Learning to Dance

(Ann) #1

He could feel her watching his laboured movements, and
his shame, his constant shame, grew a little more. He
sought a distraction. “How did your training go today?”
Taz was silent for a moment. “It’s going well,” she said.
“I’m at eighty percent of my normal range of movement.”
“That’s great, Taz,” he said weakly. “That means they’ll
discharge you soon. Space-Claw’s eager to get one of his
war heroes back on the field for the clean-up effort.”

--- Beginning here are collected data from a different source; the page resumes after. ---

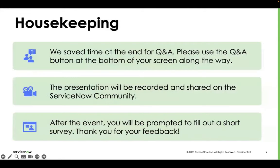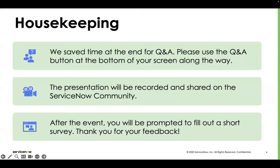In terms of housekeeping, we do have time for Q&A — please log questions into the Q&A and I'll do my best to work through those at the end. This presentation is being recorded and will be shared out on Community. We'll also be sharing a survey at the end to get your feedback — it's the only way we can improve and help make you more successful. Feedback on things like Now Create goes straight to the teams that develop that content.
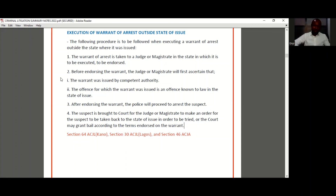That's the procedure for making an arrest outside of the state where the warrant was issued — outside of jurisdiction. I hope you've understood that.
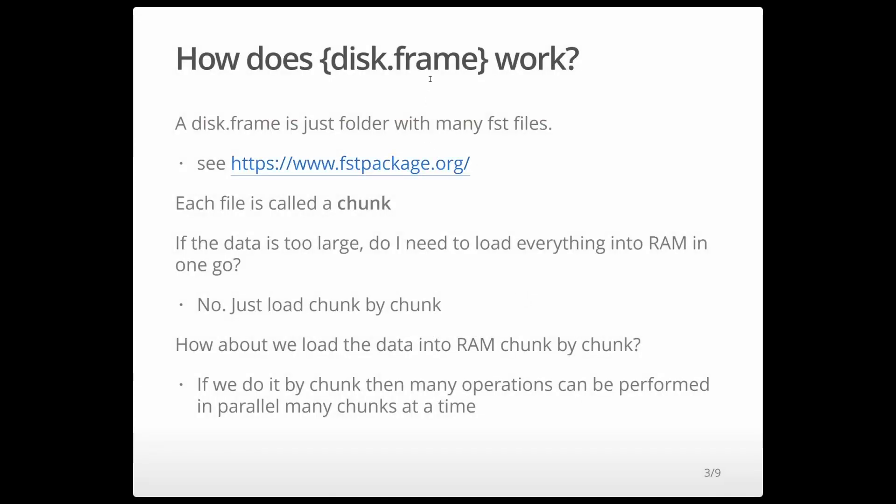So how does diskframe work? Well diskframe is very simple, it's just a folder with many FST files. If you're not familiar with FST files, see this website, each file is called a chunk.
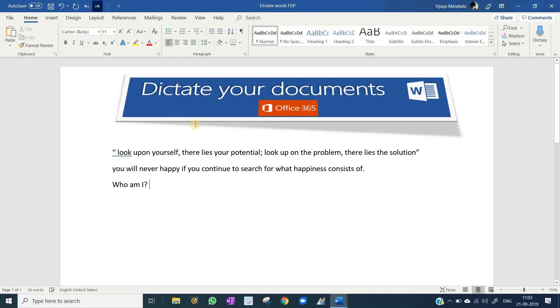Here, the second line you can see, the word Y is not capital. Why? Because after closing the inverted comma, I didn't say period. Period is for full stop.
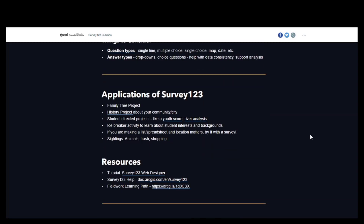Some examples of how you might use Survey123 with your students: a family tree project, a history project about your community, student-directed projects. You'll see examples of something called a youth score, where students go out and say how safe they feel on their walk to school — do they walk through alleys, are there certain stores that don't make them feel safe — so they can have influence on urban planning in the community. River analysis is another example, and we heard some examples from JC this morning using Survey123, including as an icebreaker like we used this morning.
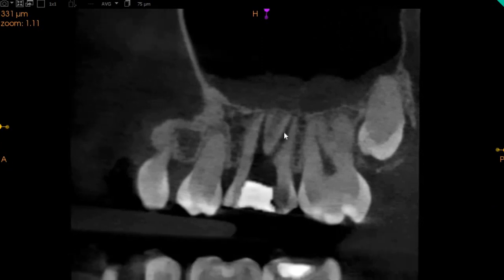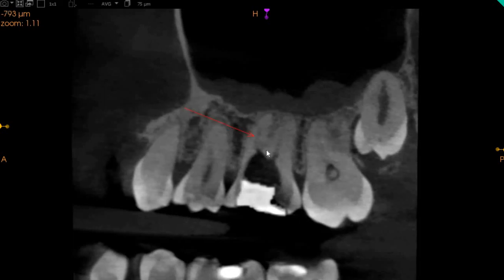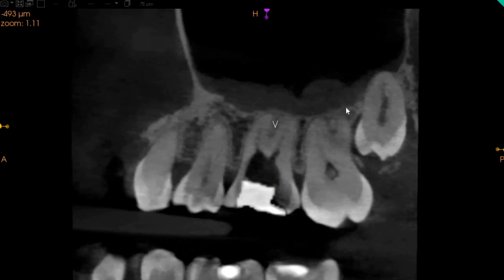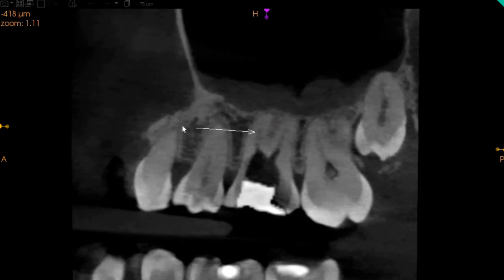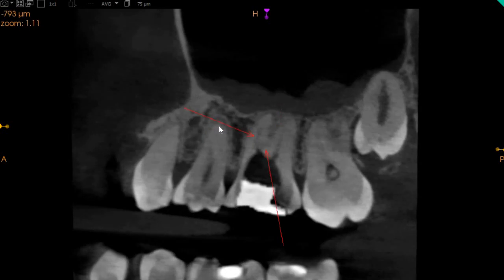In the sagittal view, you will be very clearly able to see MB1 and the distobuccal — both are very well instrumented. When we move to the slide lines, we can actually see a faint MB2 right here. Now this could be evaluated as a crack, but because it does not go through-and-through and does not cause any radiolucency in the inter-radicular area, we will not categorize it as a crack. This is the MB2 — very faint, very short.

She made a non-committal noise. “Space-Claw is a
sucio, perro lamiendo científico loco.”
“Yes he is,” said Up, tracing designs in the water with
his left hand. “But he saved my life.”
Something in her eyes softened. “He did,” she
whispered.
A sharp pain shot through Up’s chest. He closed his eyes
and doubled over, easing his breath slowly out through his
mouth, then inhaling again through his nose. He felt Taz’s
small hands on his back and shoulder, rubbing reassuringly
as he repeated the exercise until the pain subsided.

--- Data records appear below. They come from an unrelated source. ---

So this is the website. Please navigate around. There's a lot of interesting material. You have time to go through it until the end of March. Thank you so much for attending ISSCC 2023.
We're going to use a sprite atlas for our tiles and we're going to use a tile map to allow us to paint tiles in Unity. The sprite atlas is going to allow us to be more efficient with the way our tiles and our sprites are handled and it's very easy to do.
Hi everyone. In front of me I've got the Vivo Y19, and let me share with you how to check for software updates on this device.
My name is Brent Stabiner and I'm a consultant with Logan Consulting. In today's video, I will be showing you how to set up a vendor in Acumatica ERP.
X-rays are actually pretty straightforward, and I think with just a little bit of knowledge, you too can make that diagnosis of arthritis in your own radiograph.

“Dead – goddamn – nanobots -” he said, hating his
weakness, hating that she was there to see it. “Heart – still
getting used to them.” Space-Claw had said this particular
side-effect should fade over time. Up couldn’t wait.
She looked at him the way she always looked at him
now, with pain, with pity, as if he was a sick child, a hurt
puppy, a useless, wasted old war hero. What he wouldn’t
give for her to look at him, just once, the way she used to –
with admiration, with trust, with what he had begun to hope
might even have been love.
But who could love half a man?
He didn’t want to meet her eyes, but she gently turned
his chin. Her hair was uneven and choppy, framing her face
with the beginnings of dark curls - her beloved red
headband had been incinerated with the rest of her uniform.